Le fonds d'investissement géré par William Ackman lance ses dés dans Procter & Gamble. D'après le Wall Street Journal, l'autorité américaine de la concurrence, la FTC a donné son feu vert à une prise de participation substantielle du fond spéculatif dans le géant américain. Le montant mis en jeu n'est pas connu pour le moment, mais des personnes proches du sujet affirment qu'il serait « important ».
L'information n'a toutefois pas été confirmée par la FTC, Procter & Gamble ou le fonds lui-même. Interrogé par l'AFP, un porte-parole de Procter & Gamble a refusé de commenter les informations du WSJ, se bornant à déclarer que le groupe « se réjouit des investissements » dans son capital.

Un patron sur la sellette

William Ackman, connu pour son volontarisme lors de prises de participations dans les grands groupes mal en point pourrait exiger des changements dans la gestion de la firme de l'Ohio. Et pour cause : le fabricant des lessives Ariel, du dentifrice Oral-B, et des produits de rasage Gillette a mauvaise mine. Même si le cours de son action a gagné 3,75% à 63,7 dollars depuis hier et poursuit sur cette pente à 65,68 dollars aujourd'hui. Elle était tombée fin juin à son plus bas depuis 2 ans.

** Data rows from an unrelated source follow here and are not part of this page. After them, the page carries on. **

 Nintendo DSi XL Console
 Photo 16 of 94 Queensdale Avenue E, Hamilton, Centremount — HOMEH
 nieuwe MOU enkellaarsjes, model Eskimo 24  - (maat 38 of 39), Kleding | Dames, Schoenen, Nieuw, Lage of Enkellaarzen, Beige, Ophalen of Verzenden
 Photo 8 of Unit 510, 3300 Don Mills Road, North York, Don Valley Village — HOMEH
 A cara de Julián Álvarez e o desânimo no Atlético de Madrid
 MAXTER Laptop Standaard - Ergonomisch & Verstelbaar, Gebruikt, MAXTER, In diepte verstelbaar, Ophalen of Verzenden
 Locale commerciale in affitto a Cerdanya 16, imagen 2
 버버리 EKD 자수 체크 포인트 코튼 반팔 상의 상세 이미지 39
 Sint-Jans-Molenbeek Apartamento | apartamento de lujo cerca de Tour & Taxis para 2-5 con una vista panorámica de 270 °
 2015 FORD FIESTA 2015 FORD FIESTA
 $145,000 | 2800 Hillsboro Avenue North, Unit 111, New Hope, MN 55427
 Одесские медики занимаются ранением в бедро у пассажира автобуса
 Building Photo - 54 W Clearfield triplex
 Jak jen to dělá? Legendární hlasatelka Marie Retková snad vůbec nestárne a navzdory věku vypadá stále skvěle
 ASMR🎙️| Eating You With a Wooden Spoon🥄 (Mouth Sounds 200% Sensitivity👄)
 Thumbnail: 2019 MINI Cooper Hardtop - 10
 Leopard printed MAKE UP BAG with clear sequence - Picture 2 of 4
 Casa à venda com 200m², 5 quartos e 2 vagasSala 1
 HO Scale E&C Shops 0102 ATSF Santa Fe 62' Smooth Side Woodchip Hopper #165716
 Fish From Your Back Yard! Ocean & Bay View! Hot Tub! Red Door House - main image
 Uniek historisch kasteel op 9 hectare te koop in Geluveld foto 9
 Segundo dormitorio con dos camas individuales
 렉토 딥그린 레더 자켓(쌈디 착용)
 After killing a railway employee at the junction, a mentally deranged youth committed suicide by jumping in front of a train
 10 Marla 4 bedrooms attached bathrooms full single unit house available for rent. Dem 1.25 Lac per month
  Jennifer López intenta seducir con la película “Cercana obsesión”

Baisse de sa part de marché, prix trop élevés et productivité médiocre : la rentabilité de la firme ne fait pas exception. Face à ses deux concurrents Colgate-Palmolive et Unilever qui ont vu leur action progresser de 27% et 18% respectivement sur les deux dernières années, Robert McDonald, le directeur général de P&G avait reconnu avoir fait des erreurs. Il avait également annoncé une baisse du résultat à venir avec un profit et des ventes en deçà des prévisions.
Selon un rapport de Bloomberg, les membres du conseil d'administration du géant de la grande consommation sont mécontents de la performance de son patron aux commandes depuis trois ans. Ils auraient sollicité pour cela l'aide d'Ackman.
En mai, ce dernier était parvenu à éjecter de son siège le PDG de Canadian Pacific Railway. Il a également misé gros dans la chaîne de magasins JC Penney, mais les résultats se sont révélés décevants jusqu'à présent.